I Have Hands
Score: 82
The Bran Flakes is not really normal; the band name, as well as the album cover and the name of this album are clear indicators of that. But The Bran Flakes has made an incredibly interesting niche for themselves in the realm of mashup music, and have managed to produce an album that so completely overwhelms its oddity by incredible cheeriness that it has worked to incredible success.

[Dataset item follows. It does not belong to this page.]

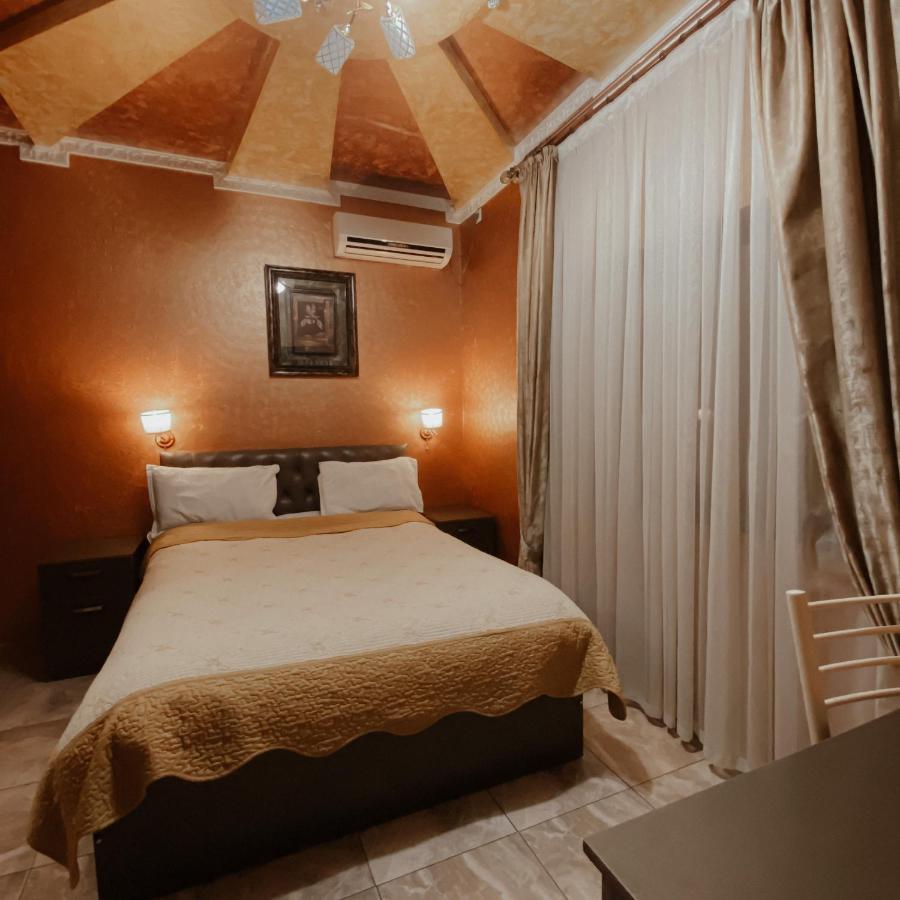 Galeon Hotel Bishkek Luaran gambar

The thirty tracks of I Have Hands make up a piece of work which goes beyond its confines of “collage-rock” to become a sort of musical quilt studded with artistic profundities. The Bran Flakes uses its samples, taken from a diverse range of sources, expertly, placing them perfectly within the tracks, often using them as many as five or ten times, slightly shifted in a manner which makes them hilariously catchy - see the excellent “don knotts” for a twenty-seven second piece solely composed of the title, repeated over a colorful, polka-ish backing. The various pieces of vocal patchwork make up introductions, conclusions, and, in the case of “do you want salad with your taco?” the bulk of the song. It could certainly be argued that The Bran Flakes’ upbeat, occasionally discordant mix is gimmicky or contrived, but that would be missing the genius of it all. I Have Hands is more than a simplistic mixing pot of musical bits and pieces. The energetic tracks blend together in an eminently enjoyable manner, becoming a fifty-minute, extraordinarily colorful assault on the senses. In I Have Hands, The Bran Flakes has concocted an excellent mixture of samples, ample distortion, exotic percussion, and a healthy dose of their bombastic creativity.

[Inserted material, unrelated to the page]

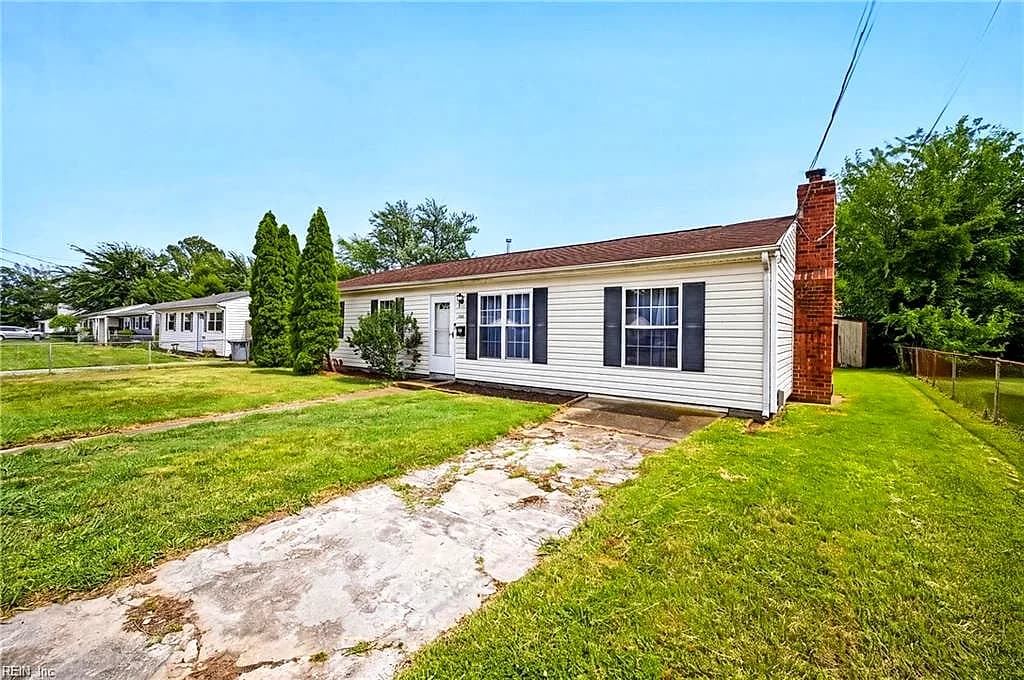 1820 Moger DR, HAMPTON VA 23663 - Photo 5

While I Have Hands is often very successful, it is not without fault. The minute The Bran Flakes’ tracks become less overwhelmed with pure exaltatious emotion they lose the character that makes the album such a success. Tracks like “stumble out of bed” and “the girl that I used to be”, while still excellent musically fail to evoke the emotion that carries tracks like “marchy march” to enormous success, and are further dragged down by sounding overly complicated and to some extent confusing. Still more tracks have the reverse problem. They are far too complex, and force the listener to pay too much attention to what exactly is happening, and not the happiness conveyed by the track. Tracks like the 40 second “make a funny sound” are much more successful, despite them being simple almost to the point of sounding pointless, and lazily created, as they somehow manage to create an aura of sheer positive emotion, that lifts the track to excellence.

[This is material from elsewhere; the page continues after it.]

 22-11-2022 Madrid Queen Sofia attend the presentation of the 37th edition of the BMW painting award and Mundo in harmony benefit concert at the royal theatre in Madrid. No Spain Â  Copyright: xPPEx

With I Have Hands, The Bran Flakes has put together an absolutely staggering, non-stop, universally energetic LP. Though I Have Hands is certainly a collage, to call it “just a collage” would be to miss the point completely. I Have Hands goes beyond its delightfully recycled composition - it wouldn’t be going too far as to call it a piece of modern art. As with all modern art, it’s perhaps too much to ask for everyone to love I Have Hands - but it’s certainly not hard.